Comment by lithocarpus
18 days ago
I don't get the importance of the distinction really. Don't LLMs and Large non-language Models fundamentally work kind of similarly underneath? And use similar kinds of hardware?
But I know very little about this.
18 days ago
I don't get the importance of the distinction really. Don't LLMs and Large non-language Models fundamentally work kind of similarly underneath? And use similar kinds of hardware?
But I know very little about this.
you are correct the token representation gets abstracted away very quickly and is then identical for textual or image models. It's the so-called latent space and people who focus on next token prediction completely missed the point that all the interesting thinking takes place in abstract world model space.
> you are correct the token representation gets abstracted away very quickly and is then identical for textual or image models.
This is mostly incorrect, unless you mean "they both become tensor / vector representations (embeddings)". But these vector representations are not comparable.

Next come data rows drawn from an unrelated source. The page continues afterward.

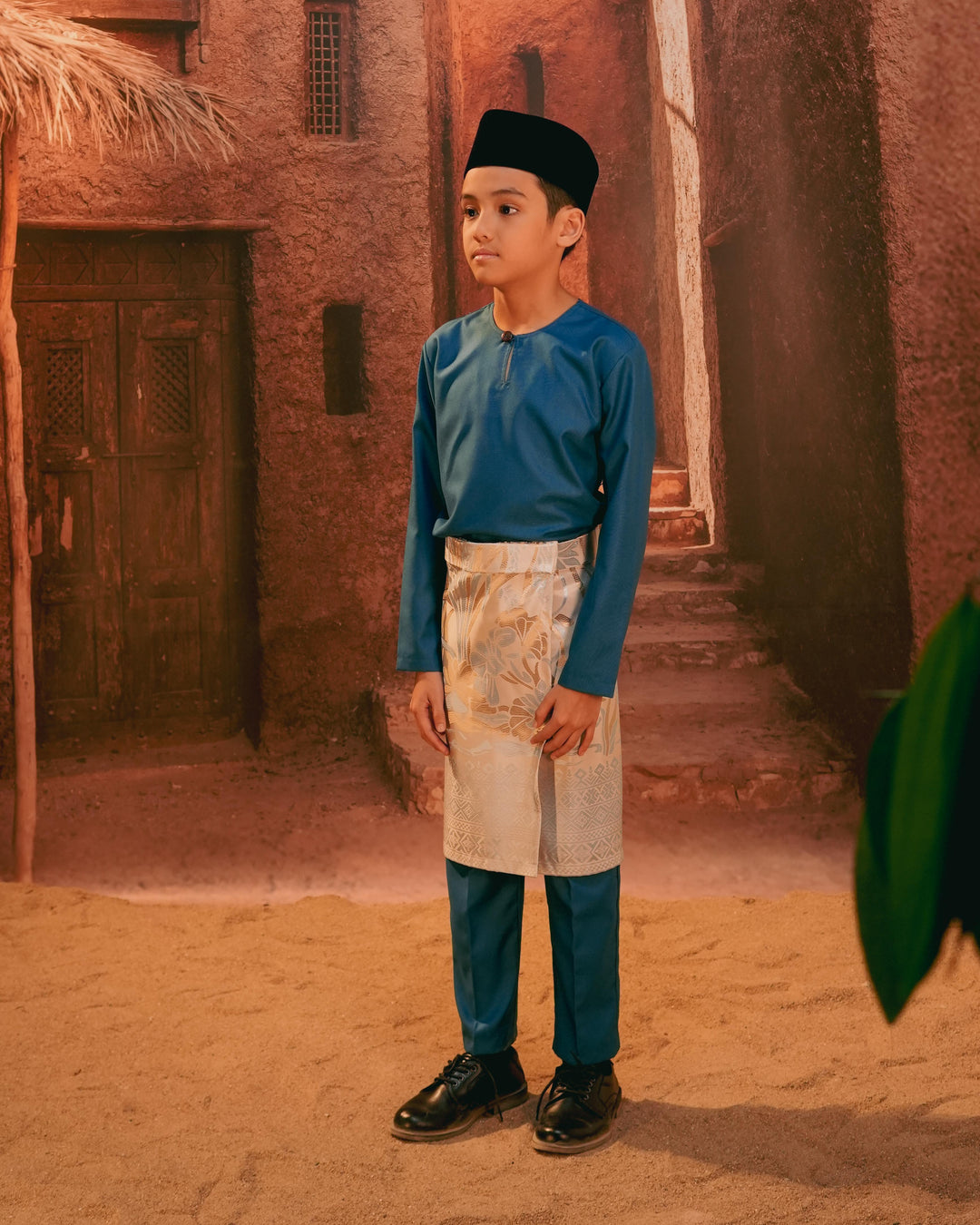 Padi Instant Sampin Kid - Soft Gold & Blue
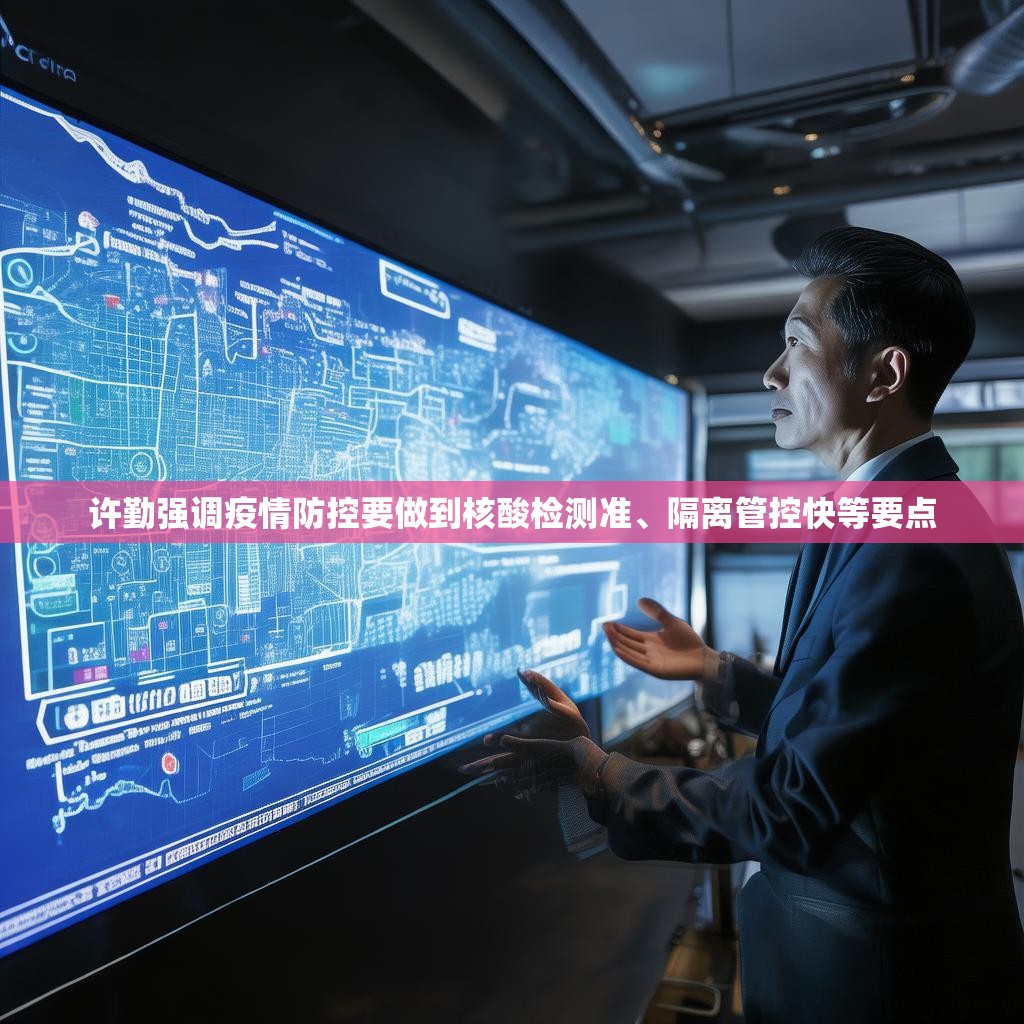 许勤强调疫情防控要做到核酸检测准、隔离管控快等要点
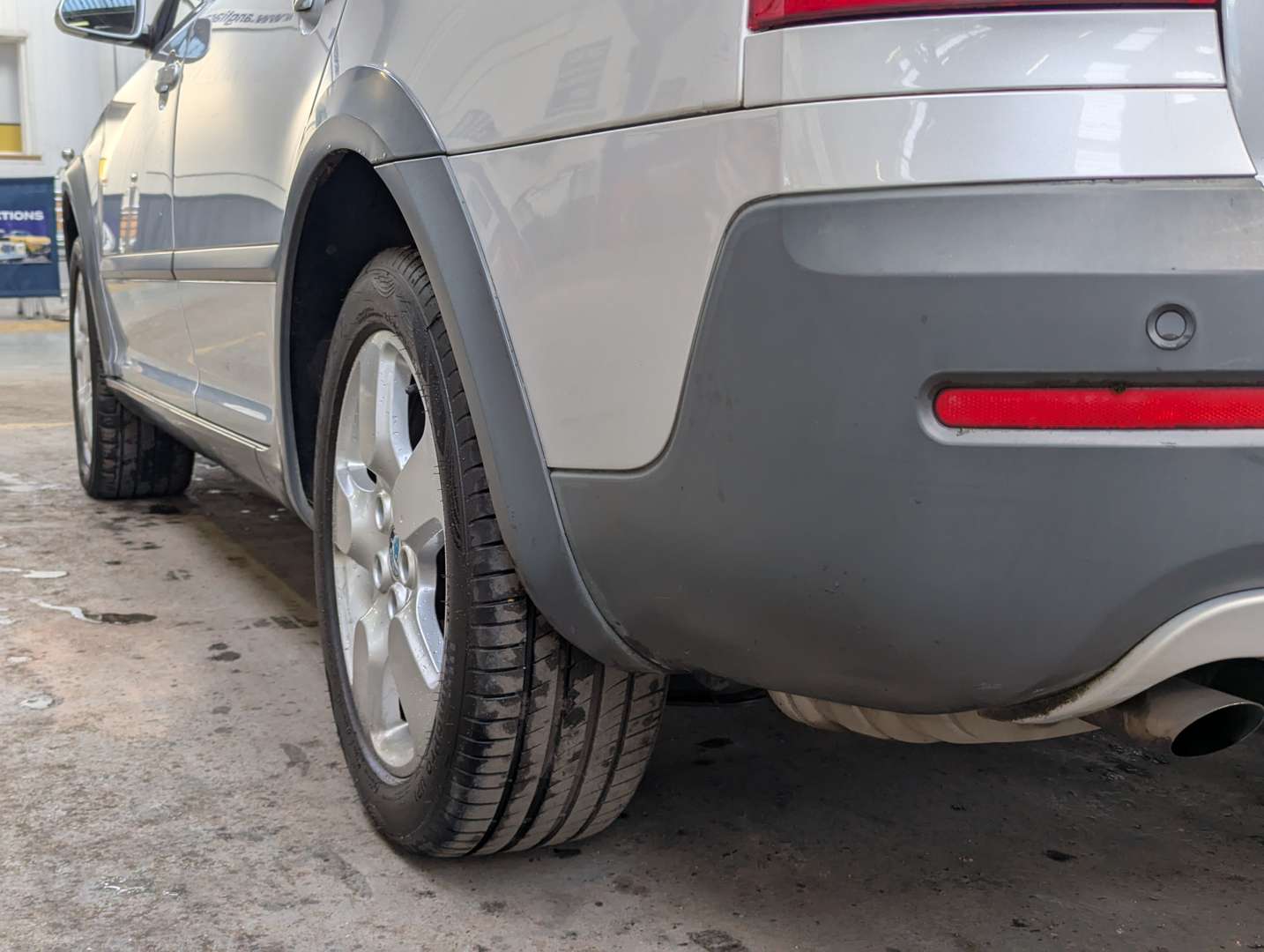 <p>2008 SKODA OCTAVIA SCOUT TDI</p>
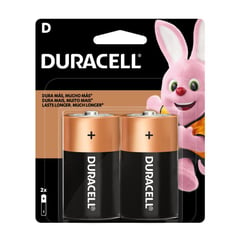 DURACELL - Pilas Grande D2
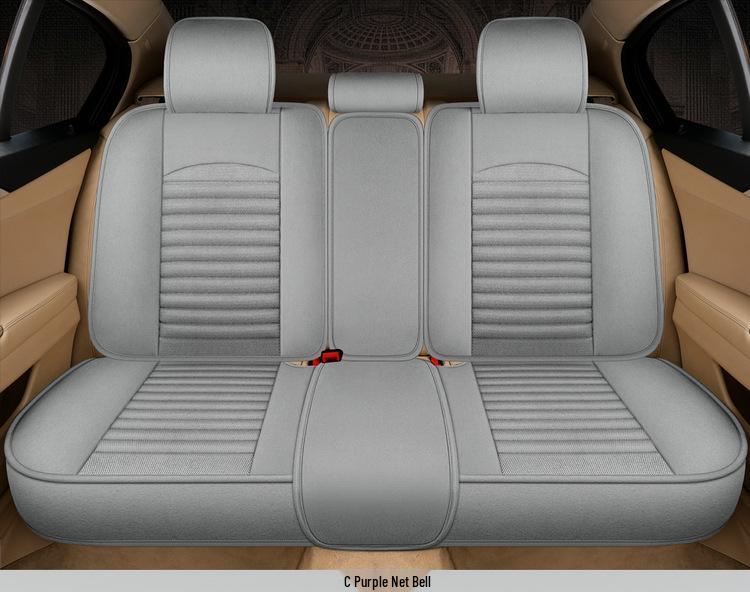 Toyota RAV4 Corolla Camry Levin Universal Linen Seat Cover – Four Seasons Full Wrap Cushion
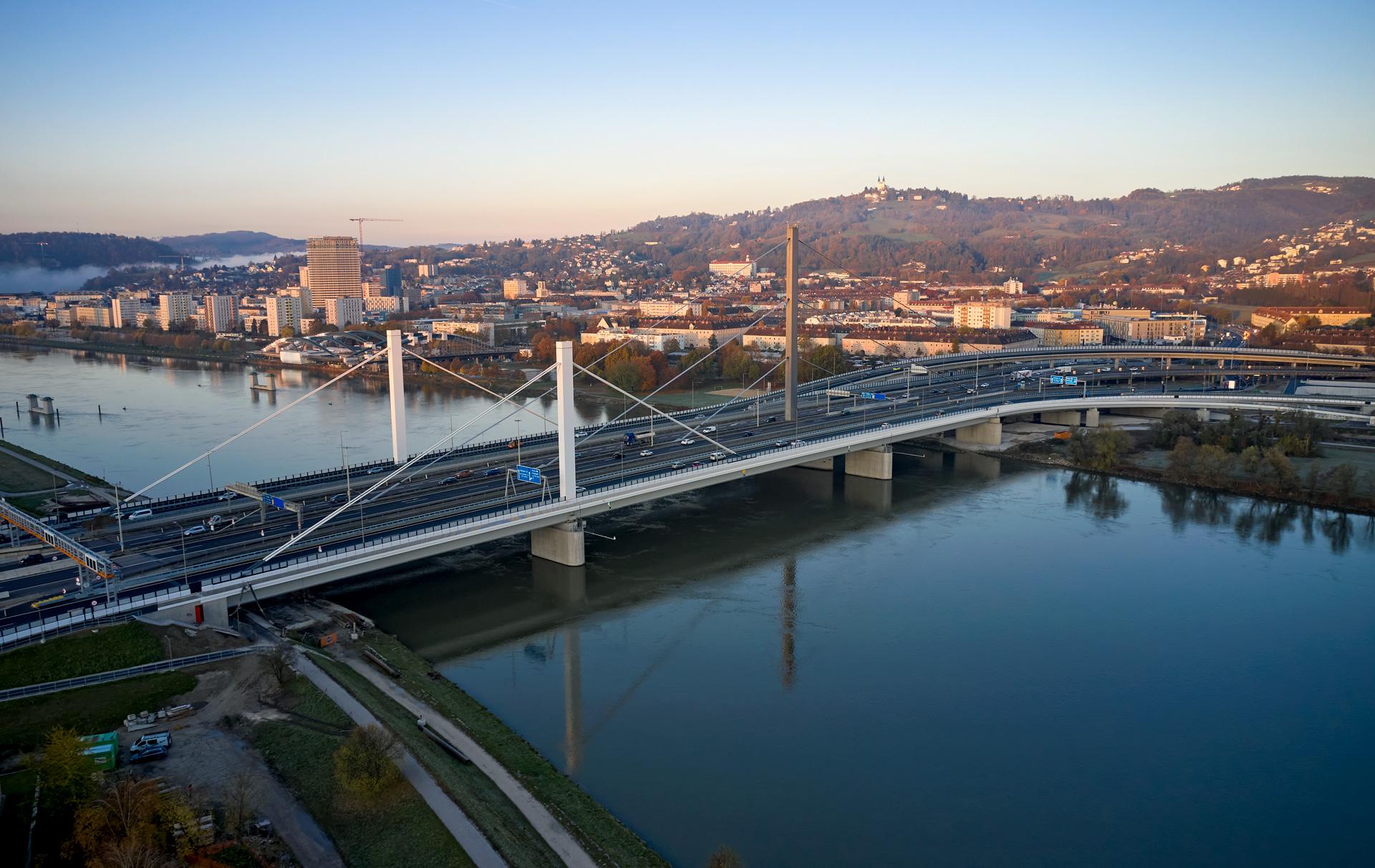 Bypass Voestbrücke © Toni Rappersberger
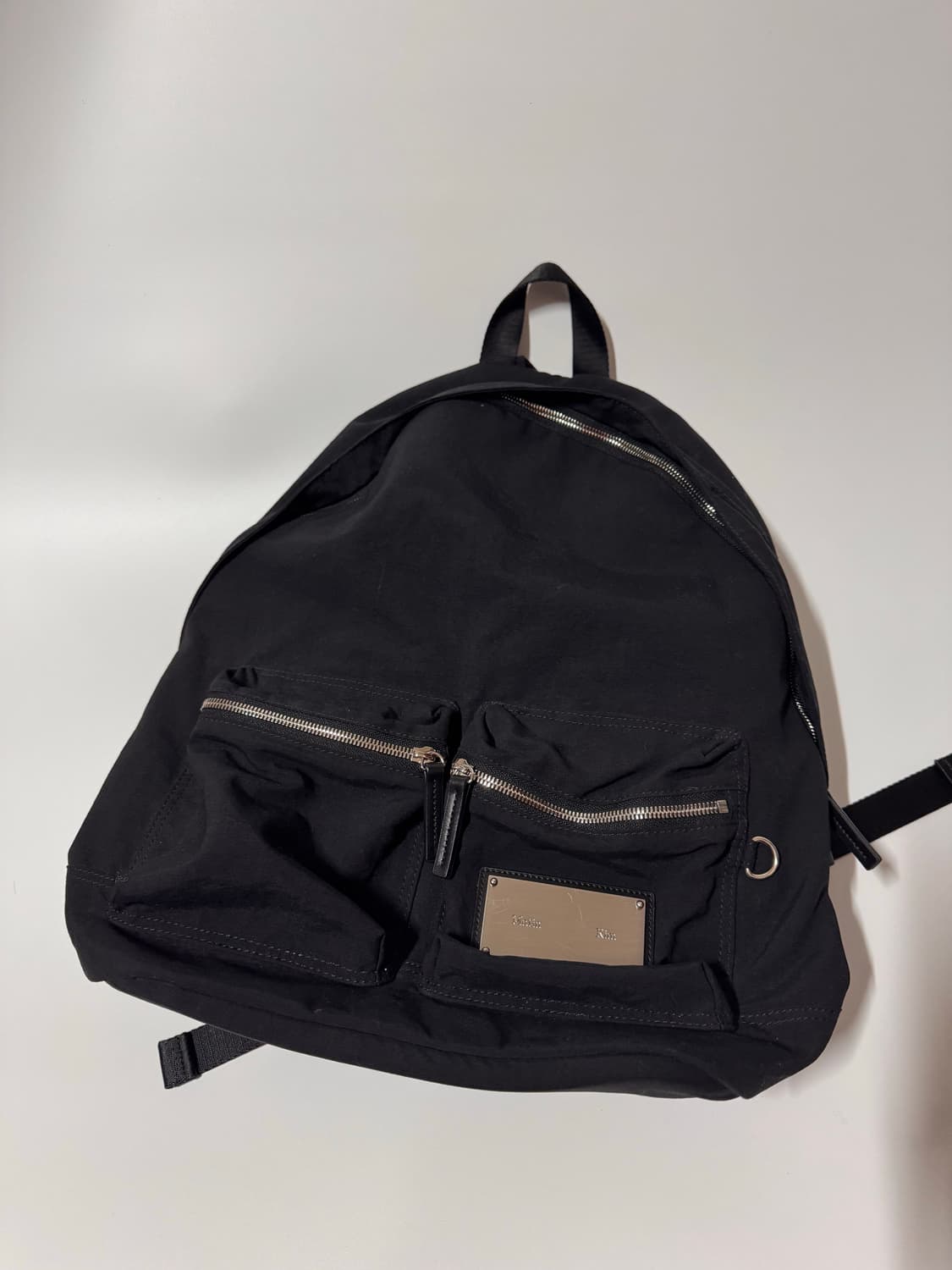 마뗑킴 백팩 블랙 상품이미지1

E.g. if you have a VLM with a frozen dual-backbone architecture (say, a vision transformer encoder trained on images, and an LLM encoder backbone pre-trained in the usual LLM way), then even if, for example, you design this architecture so the embedding vectors produced by each encoder have the same shape, to be combined via another component, e.g. some unified transformer, it will not be the case that e.g. the cosine similarity between an image embedding and a text embedding is a meaningful quantity (it will just be random nonsense). The representations from each backbone are not identical, and the semantic structure of each space is almost certainly very different.